I had thought this might work but maybe I was wrong to expect it. There are a lot of reasons that it might not work. For one, this task is very different than how it was trained. Retroactively “remembering” your archive of training data and critiquing parts of it is very different than next-token prediction. Additionally, I’m using it as a quick and dirty RAG, where I’m not giving it the documents, I’m just asking it to recall its training data. (Not to go too tangential, but this might be extra problematic because it wouldn’t surprise me if the AI companies intentionally RHLF the model to obfuscate the training data, which messes up the experiment. I do wonder if the pre-RHLF’d version would be better at this.)

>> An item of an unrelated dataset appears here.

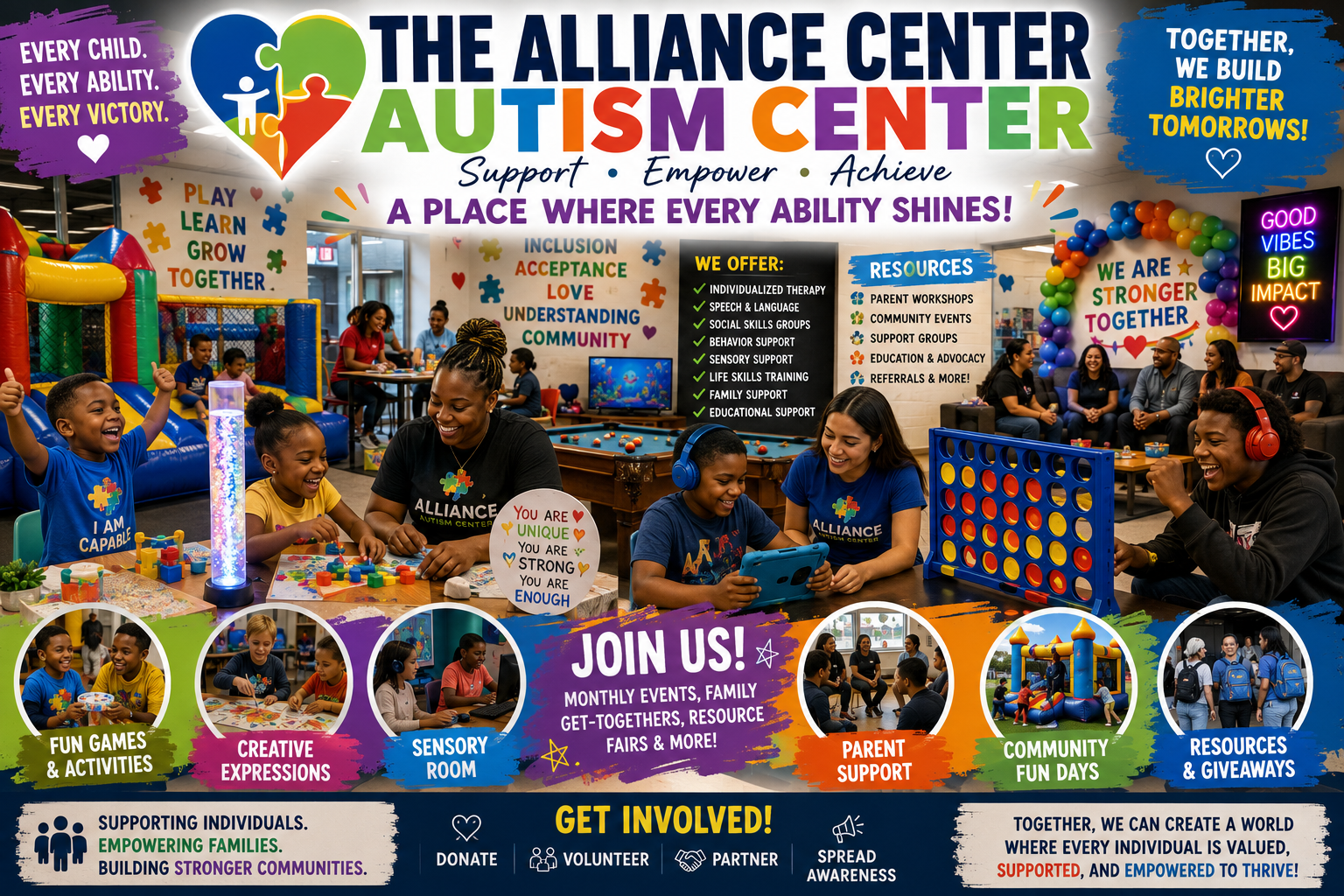The Legacy Project Community Center vision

I bring this up because it seems like an easier goalpost than a new scientific breakthrough. Instead of finding a new breakthrough, just provide a new insight into existing data. But, like I said, I’ve never been able to get this to work.
Or maybe the goalpost isn’t as easy as I’m assuming—maybe our existing mechanisms for communicating information are better than I think. Sure, no one can read as many scientific papers as an LLM, but through conferences and asking around and whatnot you can find your way to the relevant research, even if it’s cross-discipline.
Anyway, this process made me less optimistic that LLMs, trained as they currently are, will produce scientific discoveries.
*You said “AI”, not necessarily an LLM, so maybe this isn’t exactly what you were thinking of.
I love this test! I think I would be surprised if current systems did a good job of this, for the reasons you describe (though I don't think this is an inherent limitation of LLMs, I could imagine future versions doing much better). I do think current systems would probably do a much better job of being given a paper and being asked to point out flaws with the design - this seems like a good first thing to try?
I'm also curious what you used for this test - was it just ChatGPT? I wonder if a tool like Elicit which has been optimized for scientific literature would do a better job.
Yes, I think it was with ChatGPT, although I don't remember the specific models. (I've tried it a variety of times with different models). I just tried it with Elicit and it found research about bad papers. But I want the LLM to be the one to figure out it's a bad paper, not just point me to someone who already has.